**REQUIRED WORK**
Copy the lines below exactly, starting at the one with "大阪府大阪市のLIXIL リクシル（トステム）のバルコニー・ベランダ屋根 パワーアルファ" and ending at the one with "Toyota Land Cruiser", and leave out any picture.

**SUPPLIED RECORDS**

--*--

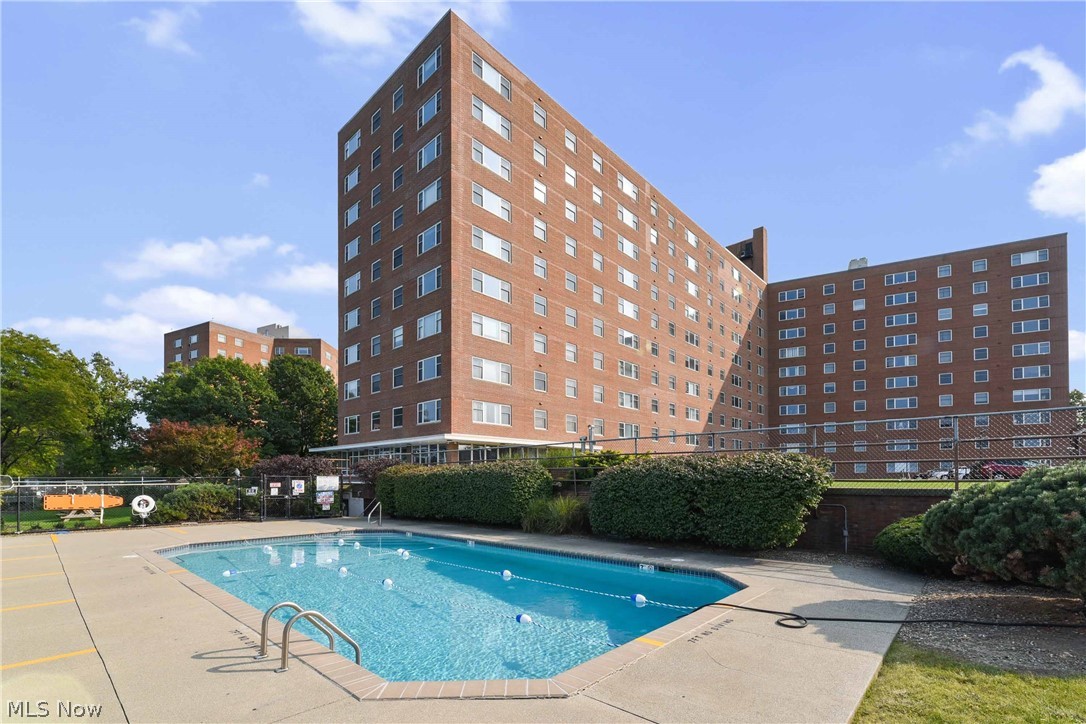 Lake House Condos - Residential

--*--

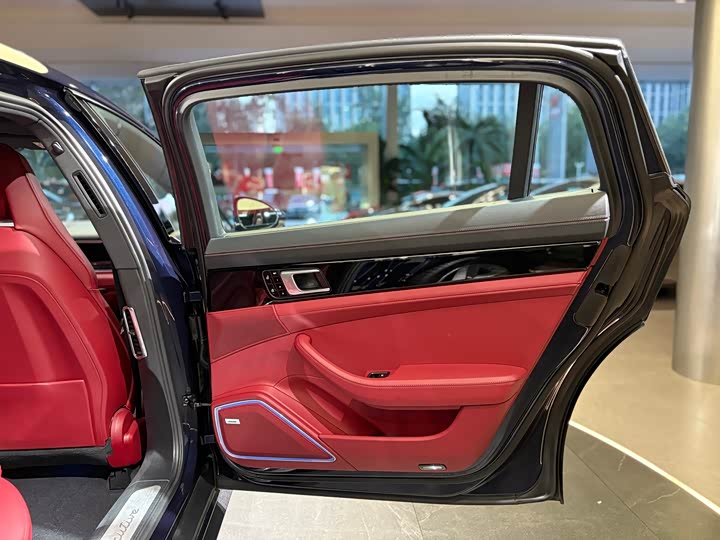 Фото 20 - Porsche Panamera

--*--

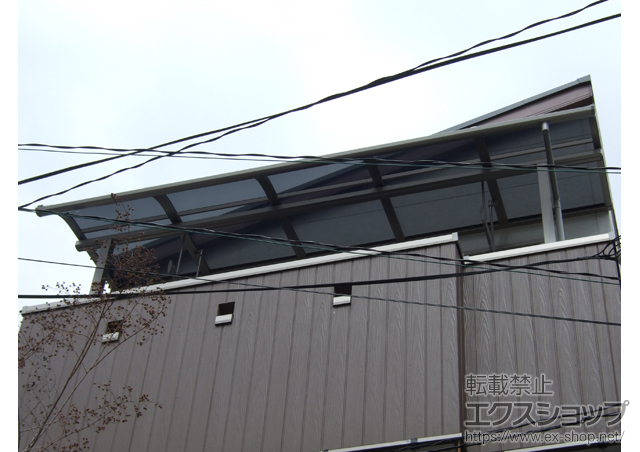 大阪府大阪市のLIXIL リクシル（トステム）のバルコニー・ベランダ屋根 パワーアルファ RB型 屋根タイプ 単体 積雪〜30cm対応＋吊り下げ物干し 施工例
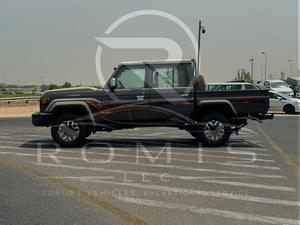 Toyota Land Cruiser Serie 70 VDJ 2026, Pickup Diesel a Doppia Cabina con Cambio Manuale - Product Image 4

--*--

**WRITTEN RESPONSE**
 大阪府大阪市のLIXIL リクシル（トステム）のバルコニー・ベランダ屋根 パワーアルファ RB型 屋根タイプ 単体 積雪〜30cm対応＋吊り下げ物干し 施工例
 Toyota Land Cruiser Serie 70 VDJ 2026, Pickup Diesel a Doppia Cabina con Cambio Manuale - Product Image 4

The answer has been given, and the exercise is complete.